Coudert Brothers was the only firm in the whole of the top 100 with worse results than B&M. Figures recorded prior to the firm's recent problems with its international network found Coudert requiring 91 lawyers to generate $10m in partner remuneration.
Meanwhile, the New York firms again proved their dominance by taking seven of the top 10 spots based on VPL, including the leading five rankings. Wachtell was the best performer, with only seven lawyers required to generate $10m in partner remuneration.
However, despite such poor results in VPL and PEP compared with the Manhattan elite, most of the nationals fared well in terms of gross revenue. Brian Cave and Coudert were the only nationals analysed to have seen a drop in overall revenues since 2003.
Bingham McCutchen reported steady figures, with a 12 per cent rise in gross revenue to $565.5m (£321.1m) as part of its first full-year set of figures since the tie-up of Bingham Dana and McCutchen Doyle Brown & Enersen in 2002, and the subsequent takeover of Riordan & McKenzie in 2003, all of which formed the national practice.
Bingham chairman Jay Zimmerman attributed the positive growth to the strong performance of the regulatory and financial restructuring practices.
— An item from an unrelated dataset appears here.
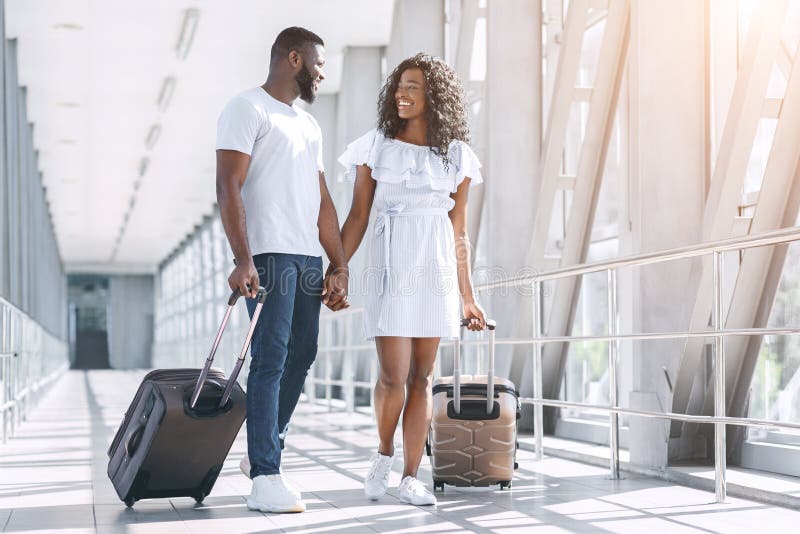 Couples noirs affectueux profitant du voyage de lune de miel en marchant avec des valises dans l'aéroport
The recent rush of consolidation within the US legal market also affected the results of Piper Rudnick, which managed to increase its PEP by 23 per cent to $900,000 (£511,000) in 2004. This can largely be attributed to the firm's stunning 18 per cent reduction in equity partners in the lead-up to its merger with Gray Cary Ware & Freidenrich and DLA, which went live in January.
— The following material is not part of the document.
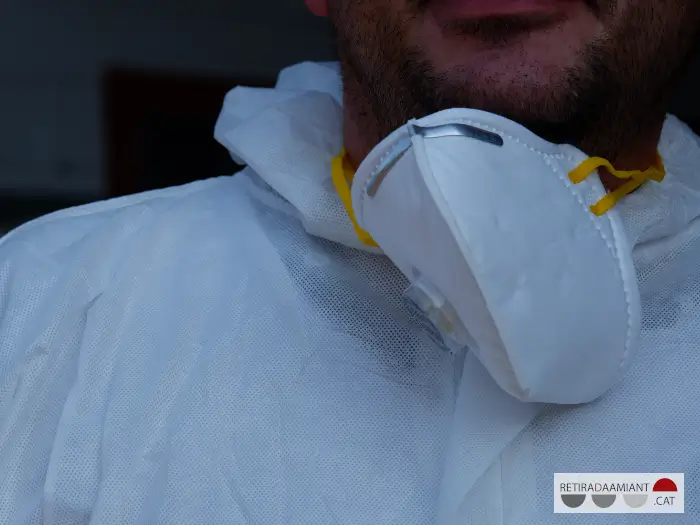 Primer plano de una mascarilla FFP3 colgando en el cuello de un trabajador que retira amianto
Piper Rudnick and Gray Cary's combined revenue this year is expected to exceed $800m (£454.2m) without even taking into account the tie-up with DLA.
Meanwhile, the year's other key merger between Kirkpatrick & Lockhart and London's Nicholson Graham & Jones is expected to see their combined revenue reach $420m (£238.4m).
Kirkpatrick also reduced its equity partnership by
1.8 per cent in the lead-up to the merger, which went live on 1 January.
In fact, most of the nationals reduced their number of equity partners, with Morgan Lewis & Bockius increasing its partnership by 10 per cent following a string of hires, including a raid on Texan firm Jenkens & Gilchrist to staff its new Dallas office. This follows the firm's haul of the bulk of the now defunct Brobeck Phleger & Harrison in 2003.
US IP specialist Fish & Richardson continued its rise up the US league tables based on gross revenue last year, climbing eight spots after reporting a revenue of $224.5m (£127.5m).
The little-known national firm only first hit the headlines last year when it entered The AmLaw 100 table at 95th place after recording an impressive 18.7 per cent rise in headcount and a 20.1 per cent rise in revenue to $197.5m (£112.1m) in 2003.
It continued its rise up the rankings last year to reach 85th place after recording a further 13.7 per cent increase in revenue to $224.5m.
The 320-lawyer firm, which has nine offices around the US, also bolstered its partnership by 9.6 per cent last year.
It has already furthered this growth strategy this year, with the hire of nine lawyers and 13 support staff from San Francisco technology specialist Heller Ehrman White & McAuliffe in February.